■ **Captioned web images**
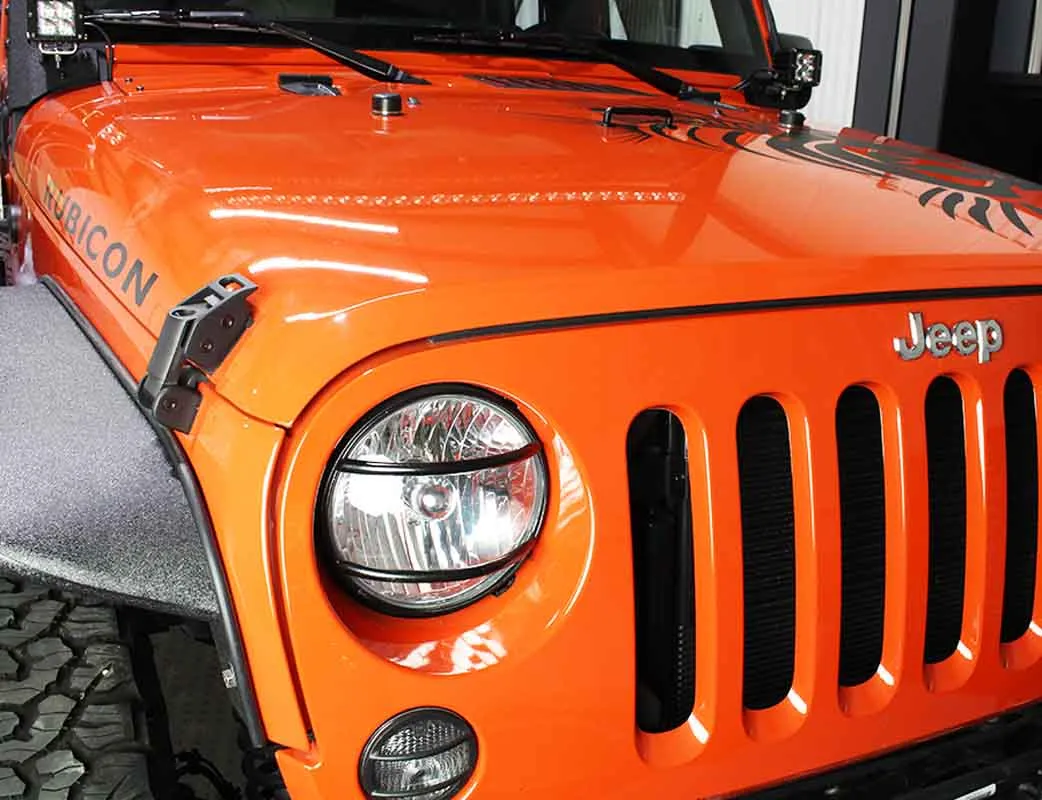 Jeep JK Euro Headlight Guards Pair 07-18 Wrangler JK Textured Black Kentrol product image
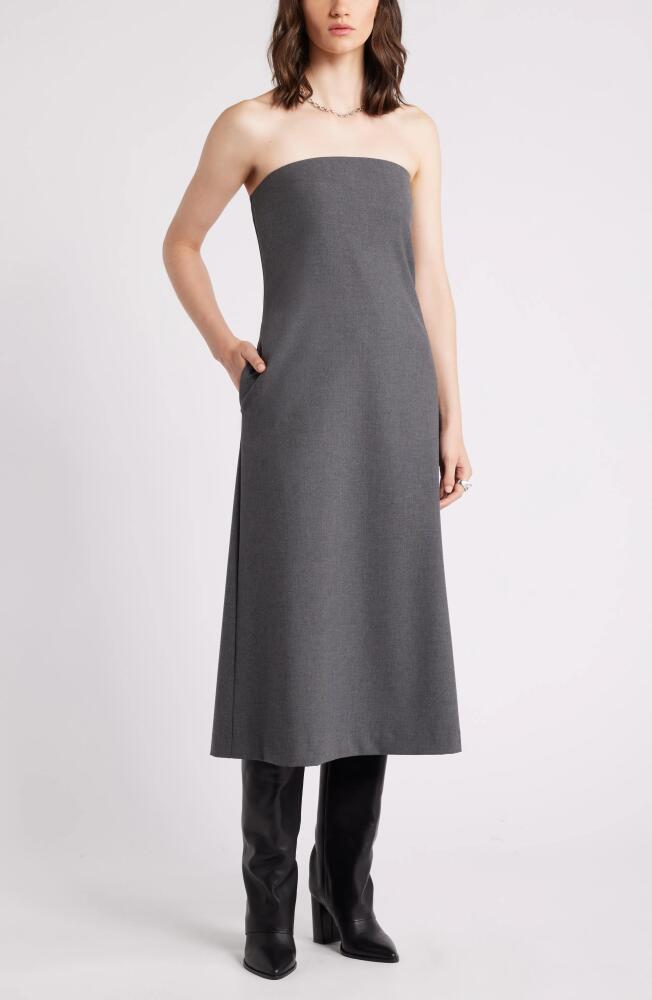 Nordstrom Strapless A-Line Dress in Grey Dark Heather Cover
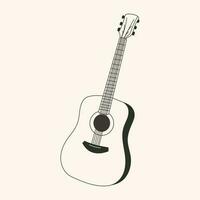 Black and white Retro Acoustic guitar isolated on white background. Vector illustration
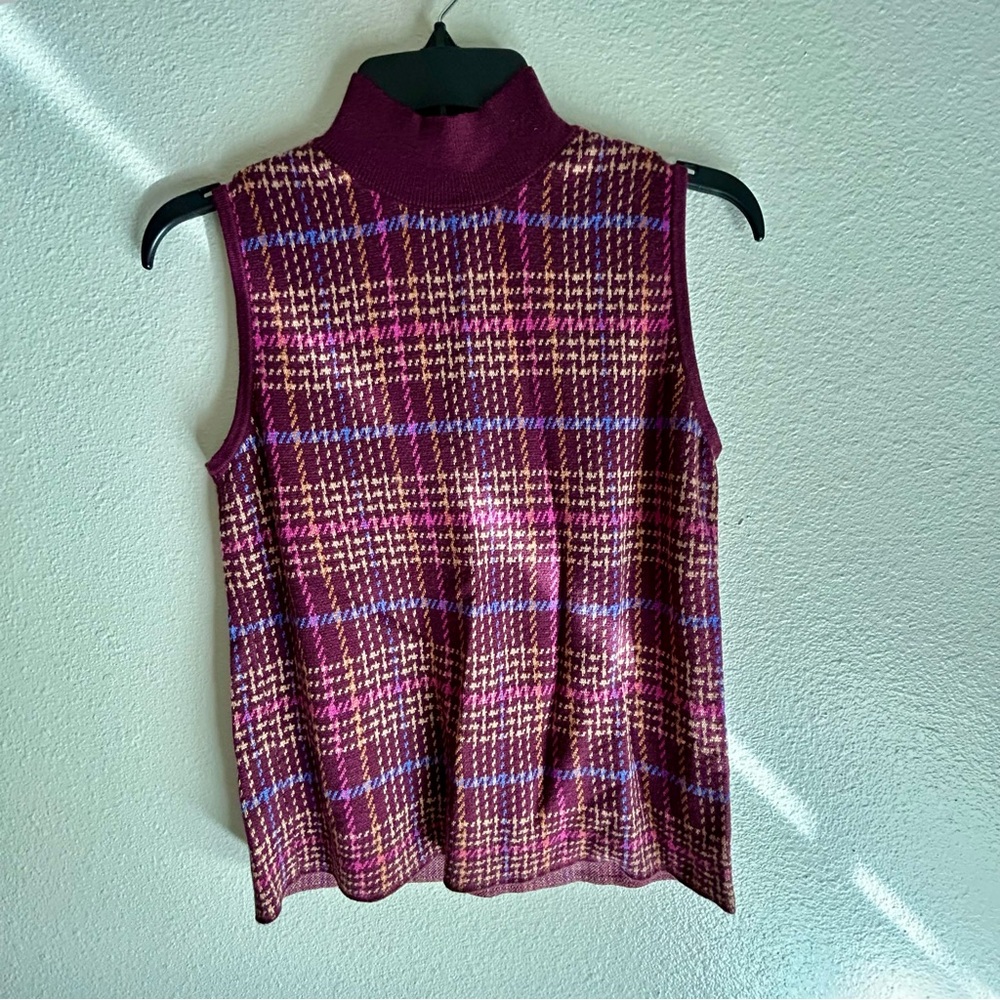 Ann Taylor Plaid Jacquard Mock Neck Sweater Vest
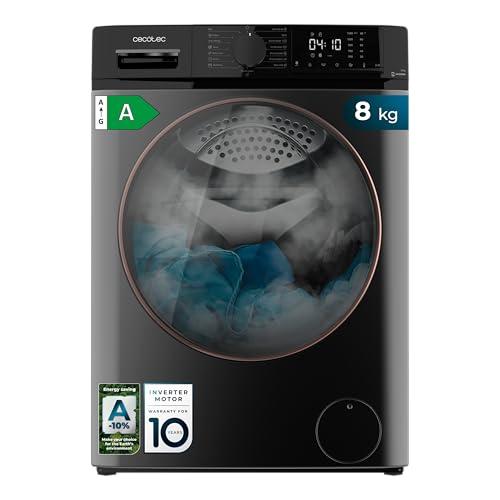 Cecotec Lavatrice a Carica Frontale 8 kg Bolero Dresscode 8610 Inverter Steel A. 2000W, 1400 RPM, Classe A, Steam Max, Motore Inverter Plus, 15 Programmi, Onsmart, Fuzzy Logic, Smooth Wash, Stop&Go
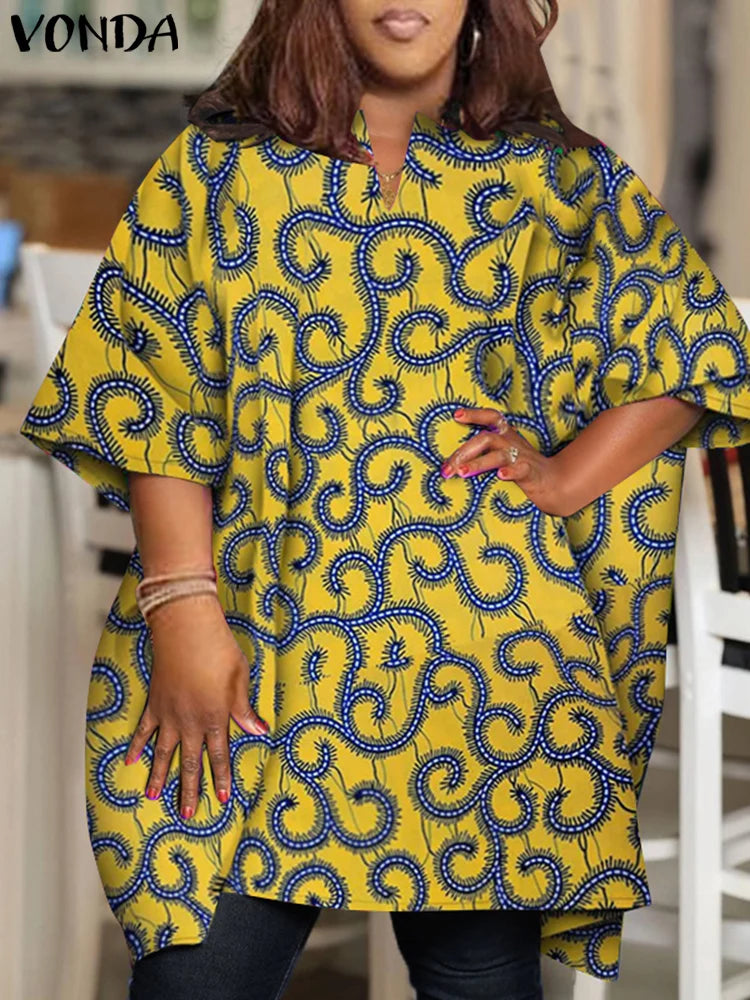 Plus Size 5XL VONDA Women Elegant Blouse 2024 Half Sleeve Printed Shirts Bohemian V Neck Tops Fashion Casual Loose Blusas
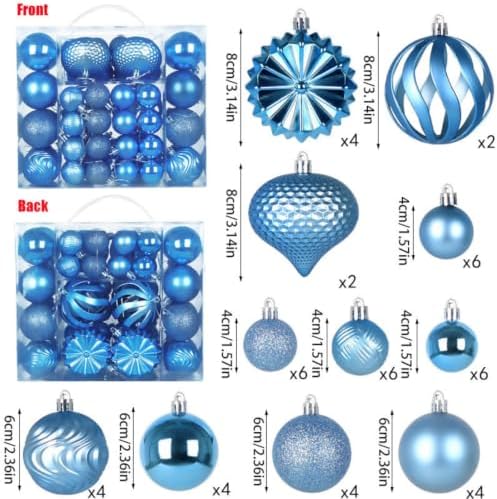 Christmas Tree Ornaments Balls Set, 48 Pcs Shatterproof Plastic Xmas Tree Decorative Baubles Hanging Ornaments for Holiday Wedding Party Home Decoration, Lake Blue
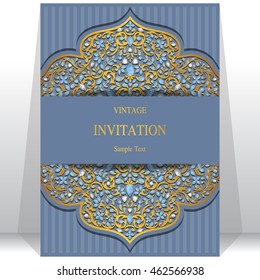 Wedding invitation or card with abstract background. Islam, Arabic, Indian, Dubai.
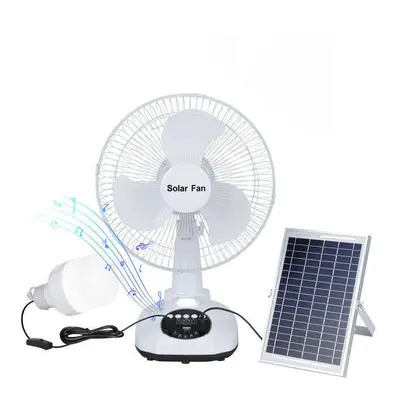 Solar Power Table Fan Music Player LED Lamp Function Solar Desk Fan rechargeable-5pcs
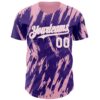 Custom Purple White-Light Pink Splatter Torn Sharp Brush Stroke Authentic Baseball Jersey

■ **Problem to solve**
All that is required is the lines from the line containing "Ann Taylor Plaid" through the end of the records above, copied exactly, and none of the pictures.

■ **Response**
 Ann Taylor Plaid Jacquard Mock Neck Sweater Vest
 Cecotec Lavatrice a Carica Frontale 8 kg Bolero Dresscode 8610 Inverter Steel A. 2000W, 1400 RPM, Classe A, Steam Max, Motore Inverter Plus, 15 Programmi, Onsmart, Fuzzy Logic, Smooth Wash, Stop&Go
 Plus Size 5XL VONDA Women Elegant Blouse 2024 Half Sleeve Printed Shirts Bohemian V Neck Tops Fashion Casual Loose Blusas
 Christmas Tree Ornaments Balls Set, 48 Pcs Shatterproof Plastic Xmas Tree Decorative Baubles Hanging Ornaments for Holiday Wedding Party Home Decoration, Lake Blue
 Wedding invitation or card with abstract background. Islam, Arabic, Indian, Dubai.
 Solar Power Table Fan Music Player LED Lamp Function Solar Desk Fan rechargeable-5pcs
 Custom Purple White-Light Pink Splatter Torn Sharp Brush Stroke Authentic Baseball Jersey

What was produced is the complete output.